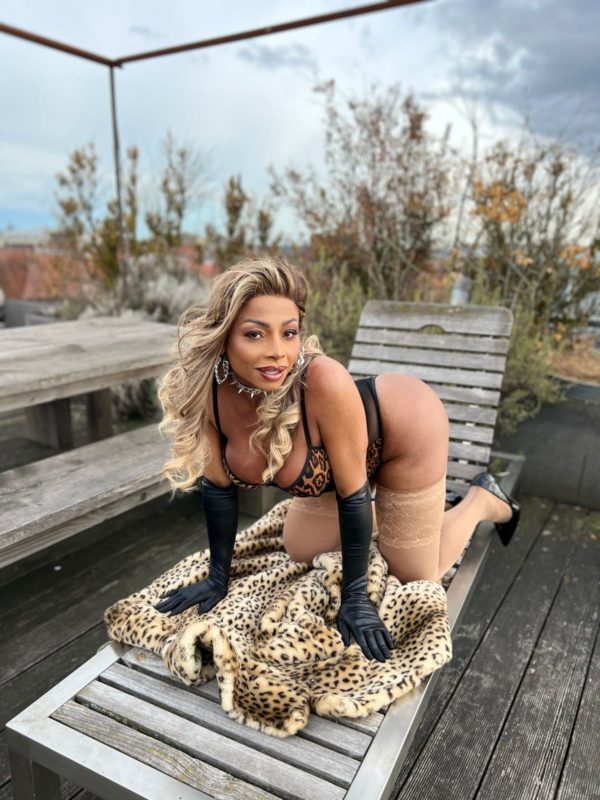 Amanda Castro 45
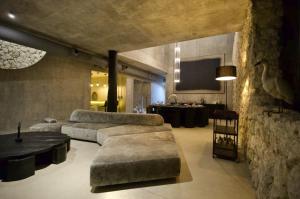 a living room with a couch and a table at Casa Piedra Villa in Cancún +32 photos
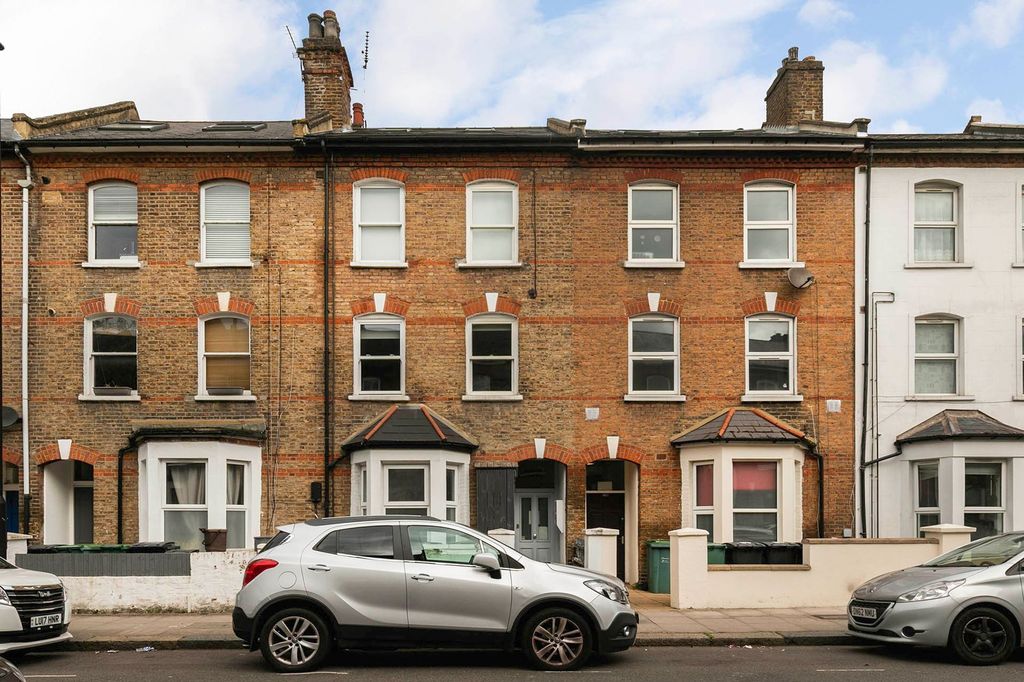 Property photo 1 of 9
☆ ☆ ☆ ☆ ☆
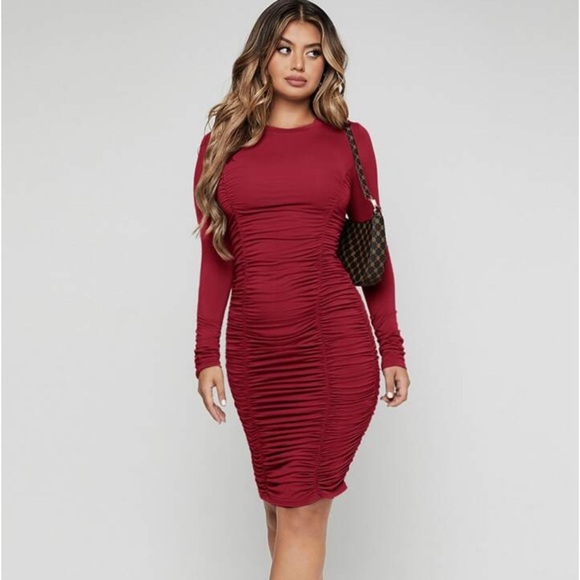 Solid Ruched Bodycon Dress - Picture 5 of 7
☆ ☆ ☆ ☆ ☆
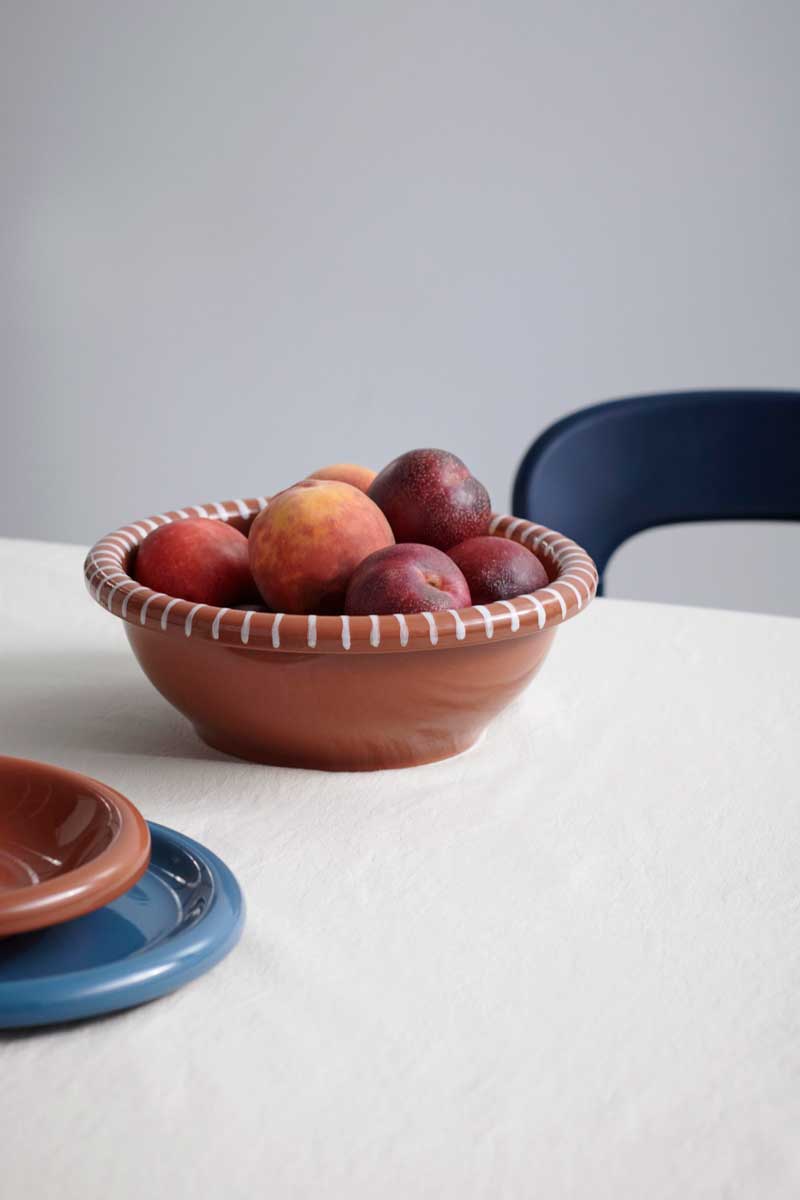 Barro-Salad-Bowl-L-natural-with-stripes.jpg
☆ ☆ ☆ ☆ ☆
▶ [Work instruction] Copy out exactly the lines above beginning with the line that contains "a living room" and finishing with the line that contains "Property photo 1 of 9", including both; leave the pictures out.

▶ [Response to this exercise]
 a living room with a couch and a table at Casa Piedra Villa in Cancún +32 photos
 Property photo 1 of 9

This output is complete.